====== Recorded information ======

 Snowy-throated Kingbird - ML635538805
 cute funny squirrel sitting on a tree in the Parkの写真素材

======
====== Recorded information ======

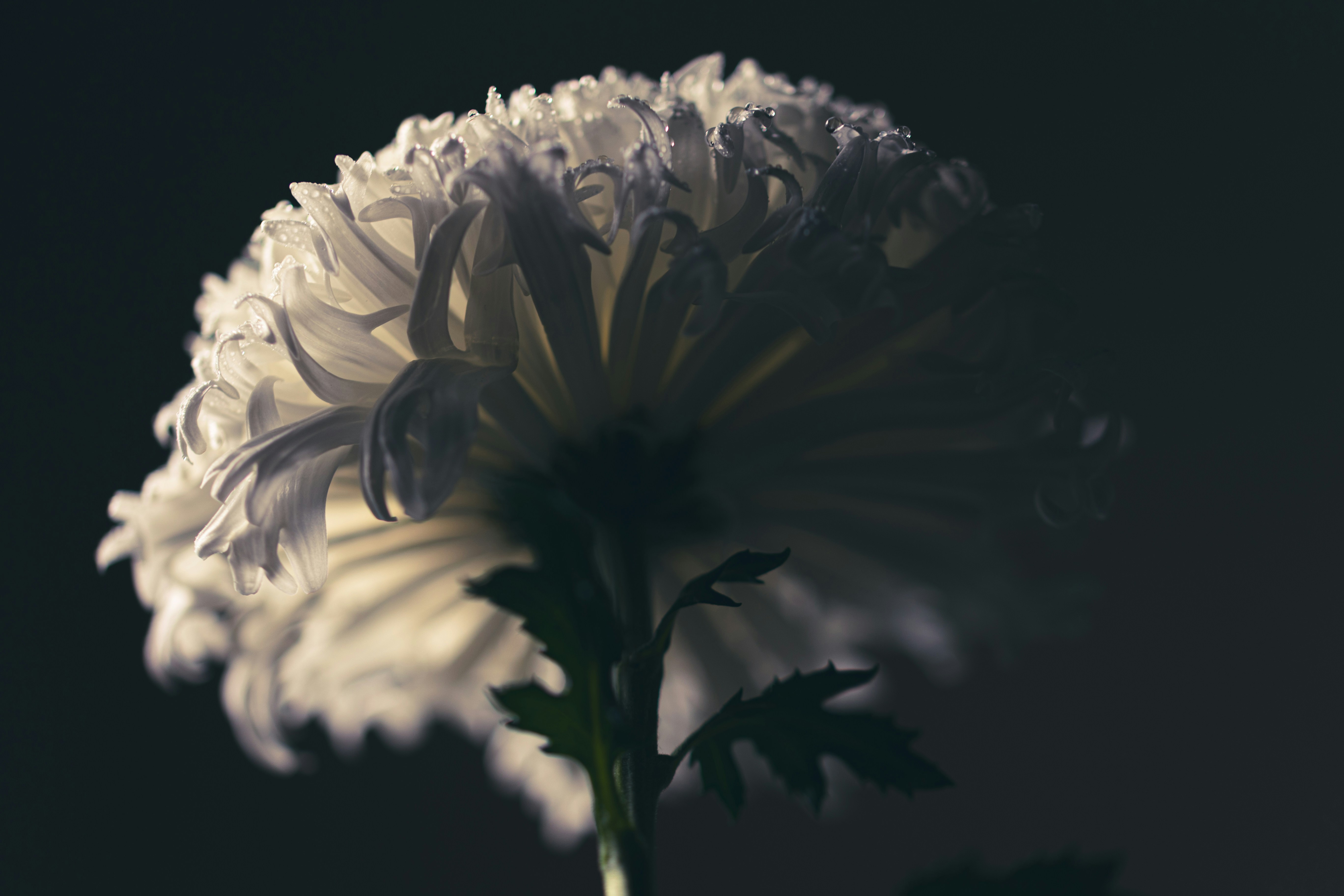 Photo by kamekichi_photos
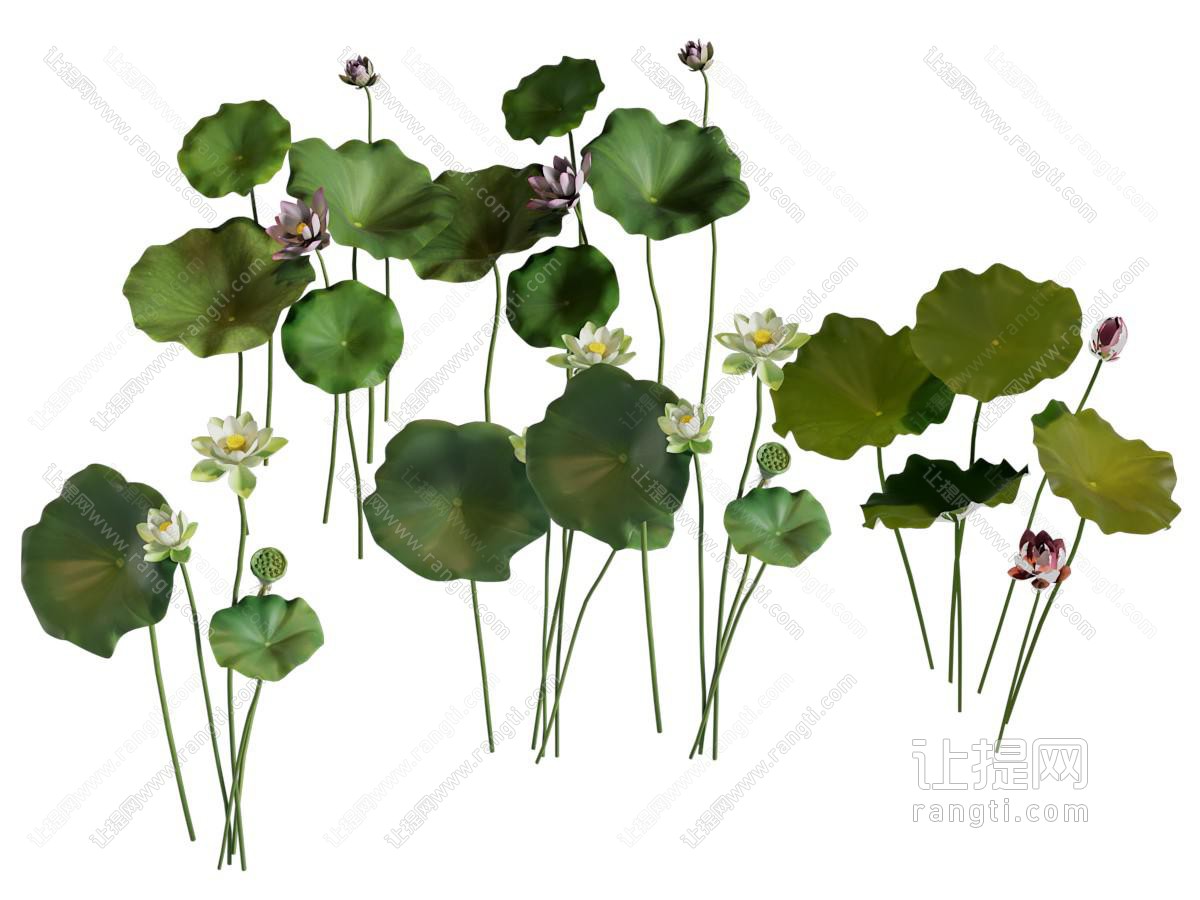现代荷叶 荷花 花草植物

======
====== Recorded information ======

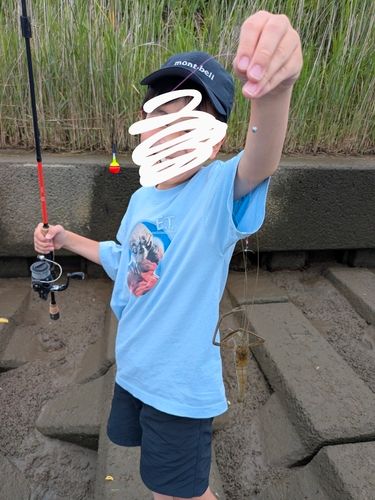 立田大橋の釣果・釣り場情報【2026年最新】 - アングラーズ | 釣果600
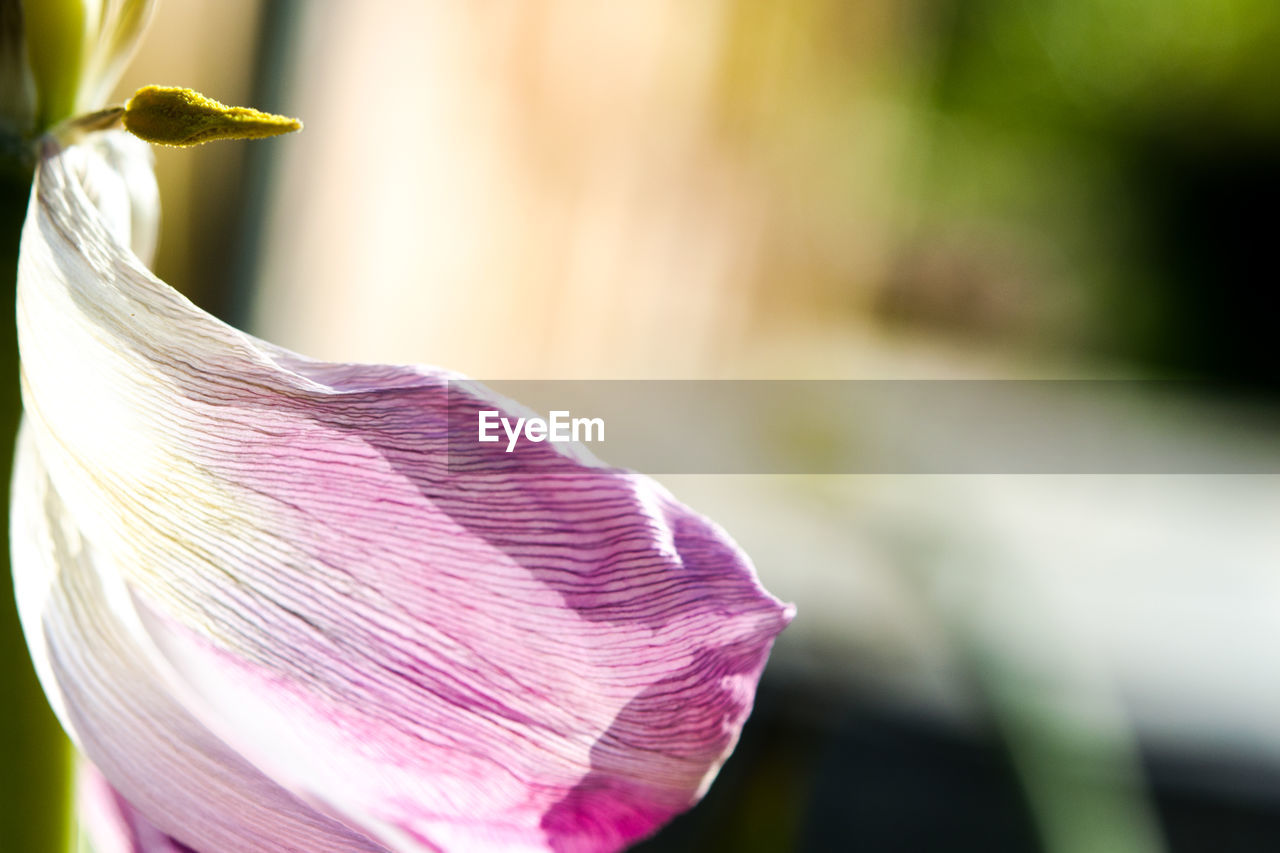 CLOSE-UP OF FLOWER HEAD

======

*Task*: Please print the lines above word for word, starting at the one with "立田大橋の釣果・釣り場情報【2026年最新】 - アングラーズ | 釣果600" and ending at the one with "CLOSE-UP OF FLOWER HEAD", both included, and without any picture.

*Reply to the exercise*:
 立田大橋の釣果・釣り場情報【2026年最新】 - アングラーズ | 釣果600
 CLOSE-UP OF FLOWER HEAD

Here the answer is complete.